RUU Kesehatan dinilai juga akan mencabut peran organisasi profesi. Bila RUU Kesehatan disahkan, maka nakes hanya perlu menyertakan Surat Tanda Registrasi (STR), alamat praktik dan bukti pemenuhan kompetensi. Tidak diperlukan lagi surat keterangan sehat dan rekomendasi organisasi profesi.
Padahal rekomendasi organisasi profesi akan menunjukkan calon nakes yang akan praktik itu sehat dan tidak punya masalah etik dan moral sebelumnya.
- Pasal 206
Pasal kontroversi lain yang membuat lima organisasi profesi menolak RUU adalah Pasal 206, khusunya ayat (3) sampai (5) yang menyebutkan bahwa standar pendidikan kesehatan dan kompetensi disusun oleh menteri. Berikut bunyi ayat (3), (4), dan (5) dalam Pasal 206:
Memang dalam pasal tersebut disebutkan kolegium masih terlibat. Kolegium adalah badan yang dibentuk oleh Organisasi Profesi untuk masing masing cabang disiplin ilmu yang bertugas mengampu cabang disiplin ilmu tersebut. Badan ini yang dapat mengetahui apakah nakes kompeten atau tidak. Namun nanti kolegium harus berkoordinasi dengan menteri.
- Pasal 239 Ayat (2)
"Konsil kedokteran Indonesia dan Konsil Tenaga Kesehatan Indonesia sebagaimana dimaksud pada ayat (1) berkedudukan di bawah dan bertanggung jawab kepada Menteri."

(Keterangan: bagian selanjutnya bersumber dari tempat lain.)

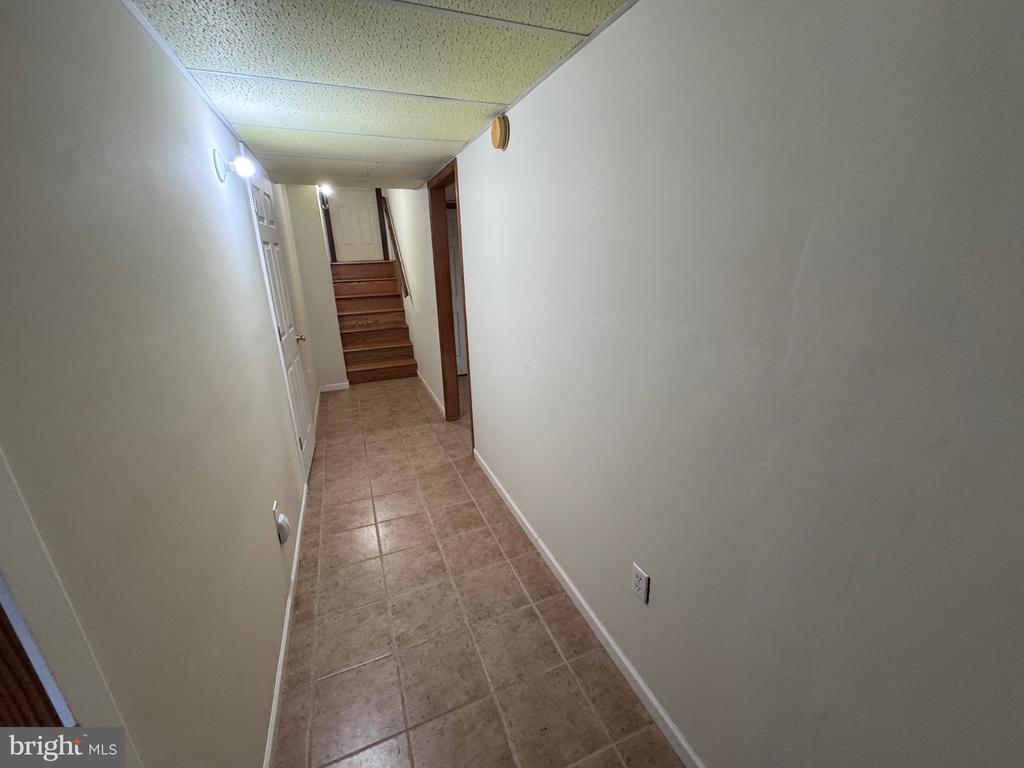 488 PLATT MOUNTAIN LANE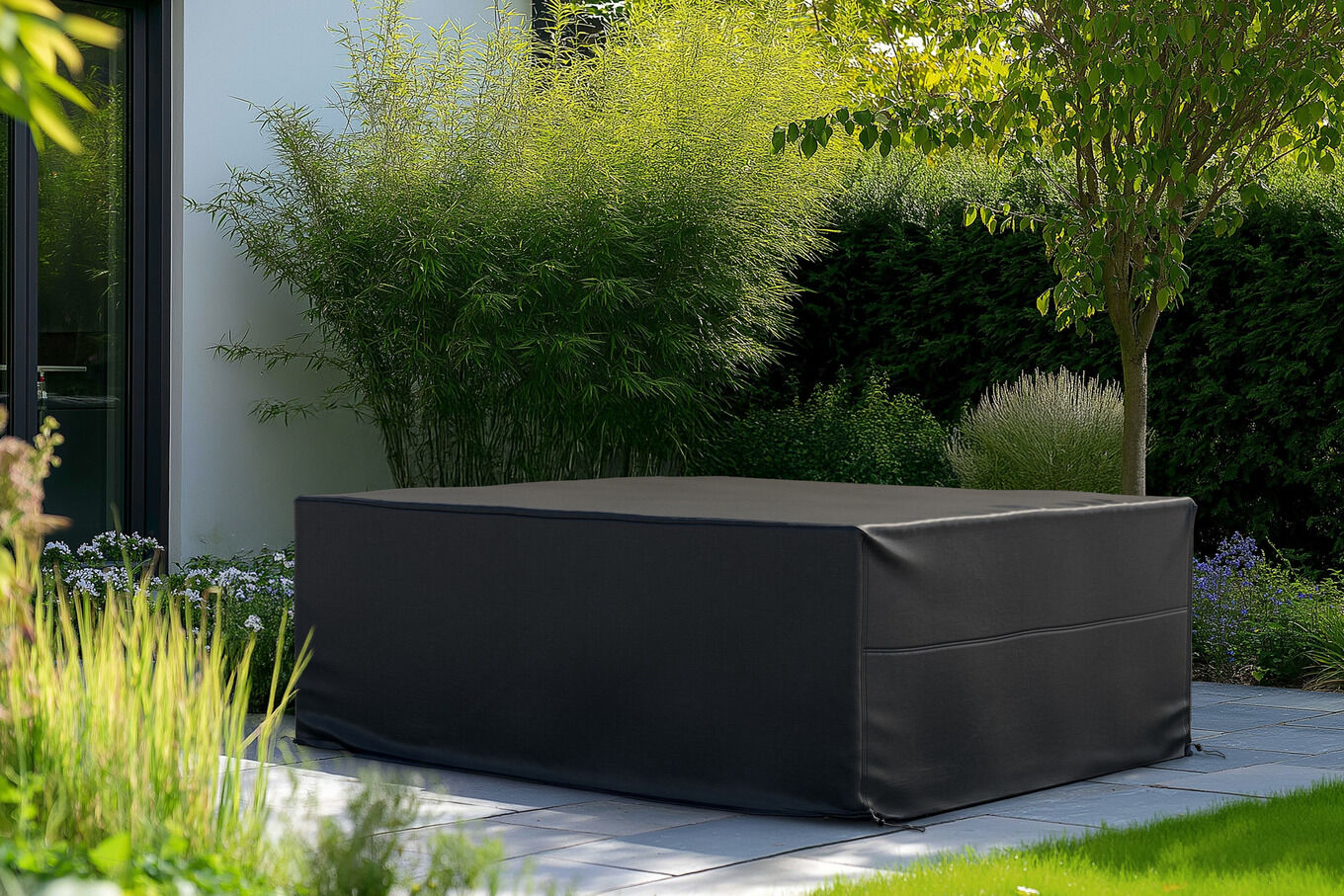 34792  bB3wgsnA a8d9bf0e12bfcbc85517e3acbb2ad68861308cb3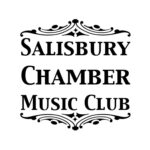 Salisbury Chamber Music Club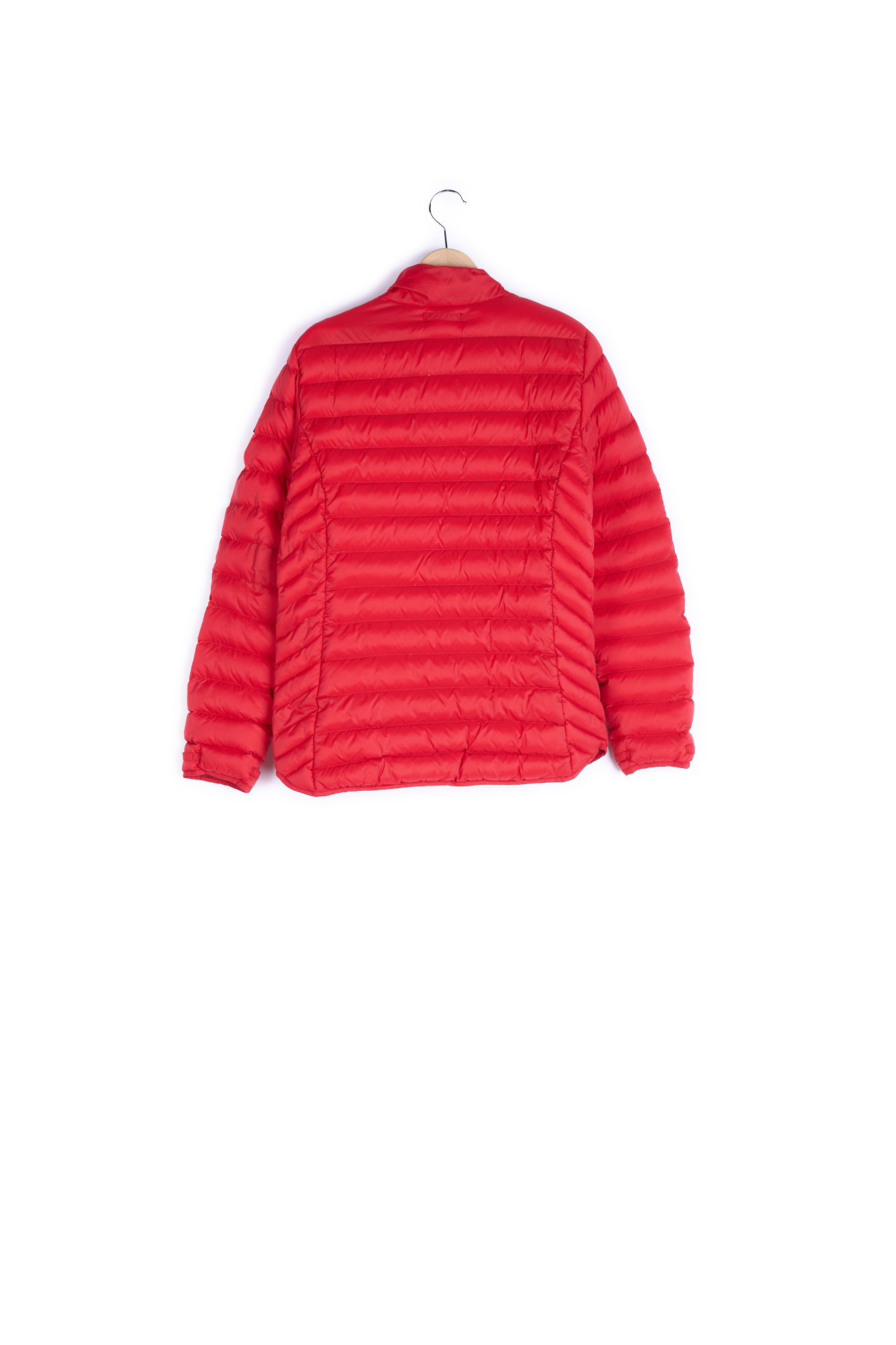 Manteau en duvet Aigle seconde main photo 2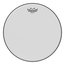 Remo BA021200-U Ambassador Smooth White 12" Drumhead Image 1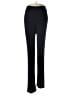 MIOU MUSE Black Dress Pants Size M - photo 1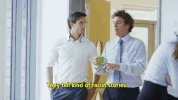 black friend GIF by Super Deluxe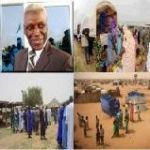 L’ANAIR : Après la fin des opérations de rapatriement organisé : quelles perspectives ?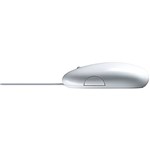 Assistência Técnica e Garantia do produto Mouse-BES - Apple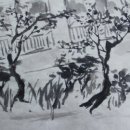 진영대창초등학교 이미지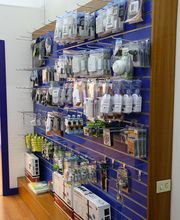 Negozio Sky Service | SI.EL. srl immagine 10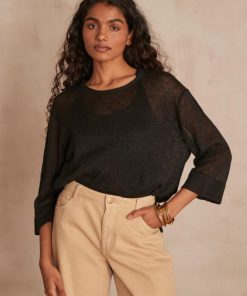 Weekendwardrobeco.shopa07a8507b0 1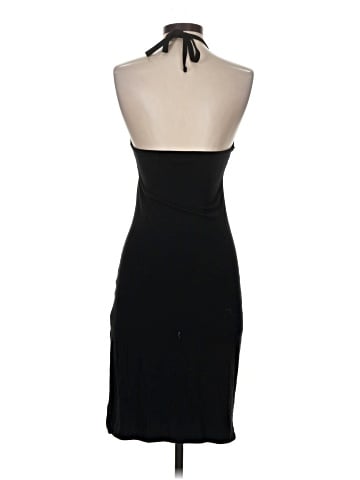 Forever 21 Cocktail Dress (view 2)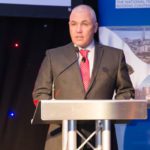 New accreditation for roofing sector announced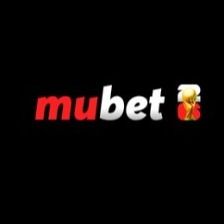 mubetwiki's avatar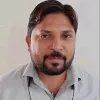 Pravin Vanza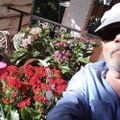 Profile picture jimscott061019.bsky.social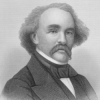 Nathaniel Hawthorne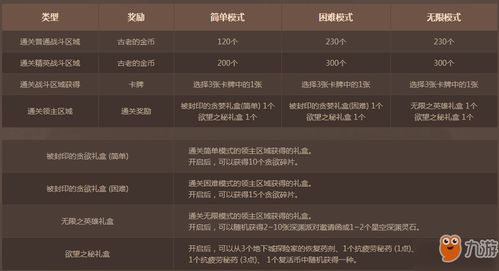 澳门开奖结果直播现场直播|探索信息分享新途径_试炼版.7.988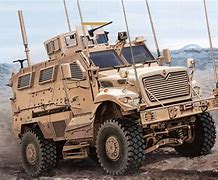 Image result for Armored Fighting Vehicle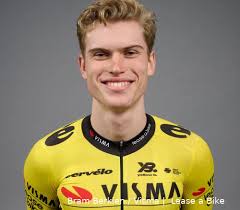 Cycling fantasy tips for the 2025 Cycling Classics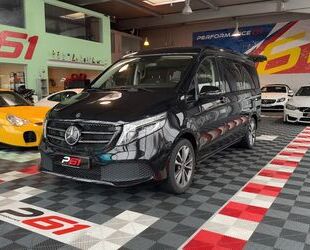 Mercedes-Benz 220 Gebrauchtwagen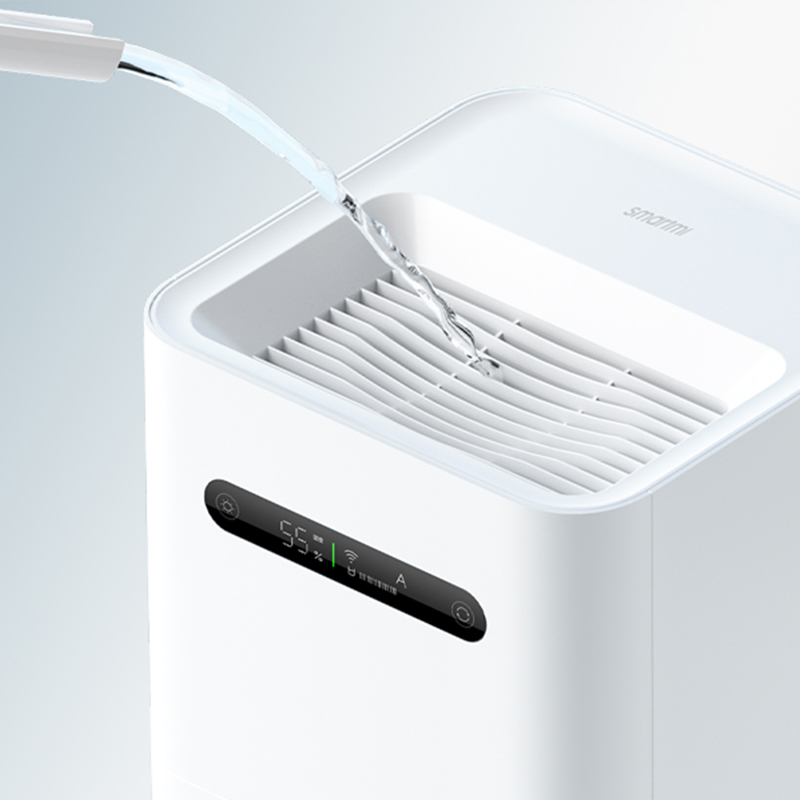 smartmi-air-humidifier-2-display-4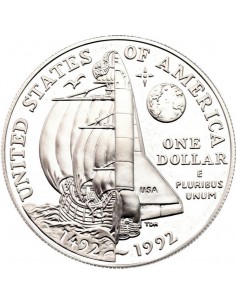 Moneda istorica din Argint... 2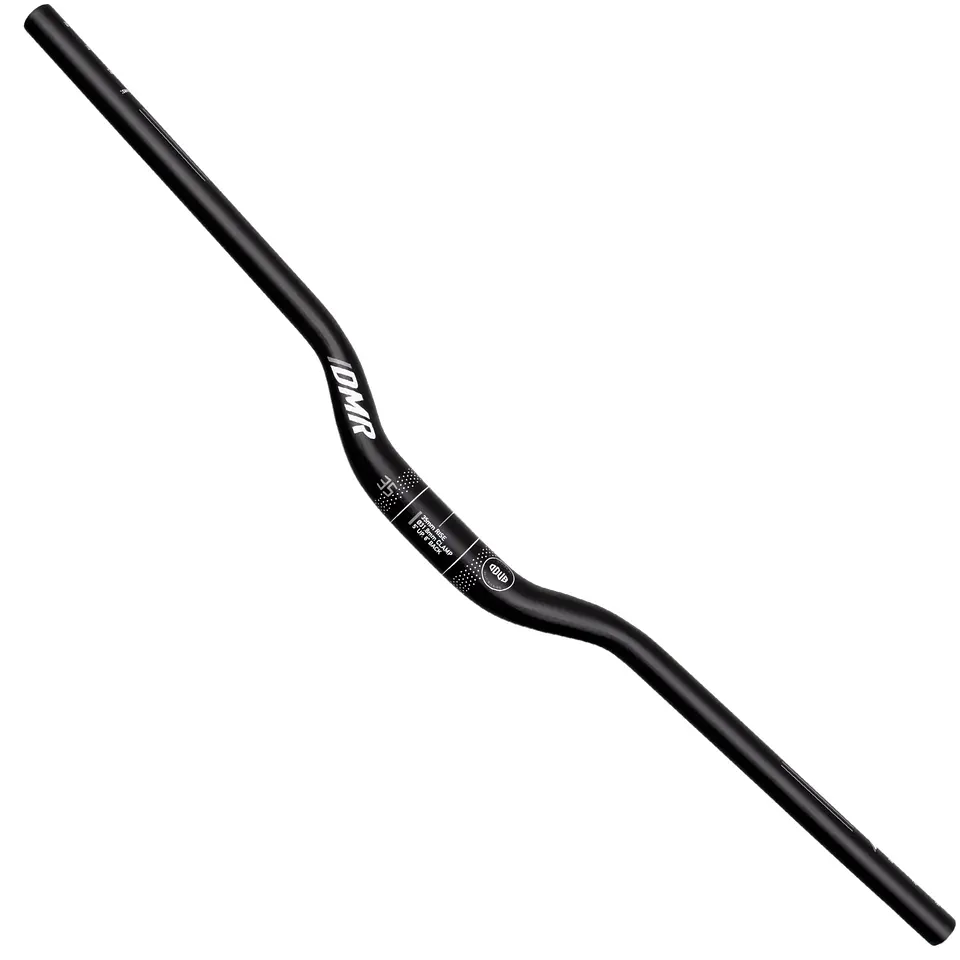 Manubrio DMR Odub 1
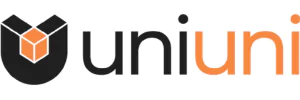 UniUni Package Tracking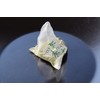 Green Tea Bags 0.8 oz (2 g) 50 Pack (with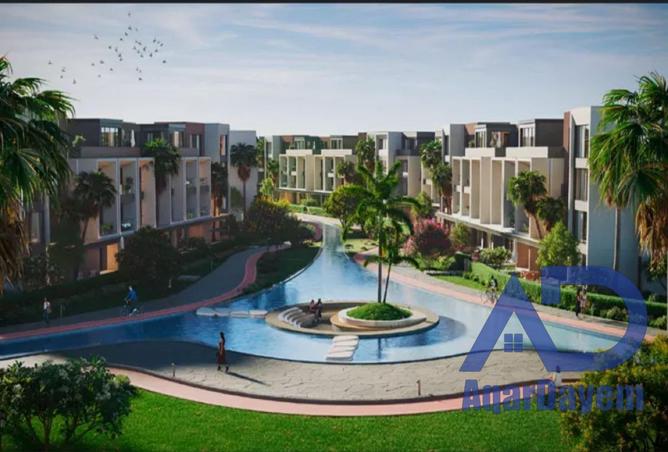 56258756 - Property Image 2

Butir Pasal 239 ayat (2) juga dianggap kontroversial. Itu karena berdasarkan Pasal 239 RUU ini, Konsil Kedokteran Indonesia (KKI) yang sebelumnya independen dan bertanggungjawab langsung ke Presiden nanti akan bertanggungjawab kepada Menteri. Bila ini disahkan, maka wewenang menteri akan sangat luas.
- Pasal 462 Ayat (1)
Isi pasal tersebut intinya adalah tenaga medis atau tenaga kesehatan yang melakukan kelalaian dapat dipidana. Begini bunyinya:
"Setiap Tenaga Medis atau Tenaga Kesehatan yang melakukan kelalaian berat yang mengakibatkan Pasien luka berat dipidana dengan pidana penjara paling lama 3 (tiga) tahun."
Namun dalam pasal tersebut tidak ada penjelasan rinci terkait poin kelalaian yang dimaksud.
- Pasal 154 Ayat (3)
Pasal kontroversi RUU Kesehatan selanjutnya adalah terkait tembakau dengan narkotika dan psikotropika yang dimasukkan satu kelompok zat adiktif. Berikut isi lengkap pasalnya:
"Zat adiktif sebagaimana dimaksud pada ayat (2) dapat berupa narkotika; psikotropika; minuman beralkohol; hasil tembakau; dan hasil pengolahan zat adiktif lainnya."
Penggabungan ini dikhawatirkan akan menyebabkan munculnya aturan yang akan mengekang tembakau nantinya lantaran posisinya disetarakan dengan narkoba.
Ini tentu akan menimbulkan polemik lain karena merugikan banyak pihak yang bekerja di industri tembakau. Apalagi industri tembakau merupakan industri yang memberikan dampak besar bagi negara.
Demikian alasan kenapa RUU kesehatan ditolak dan penjelasan soal pasal-pasal kontroversial yang jadi penyebab sejumlah nakes menolak RUU Kesehatan dan melakukan aksi demonstrasi.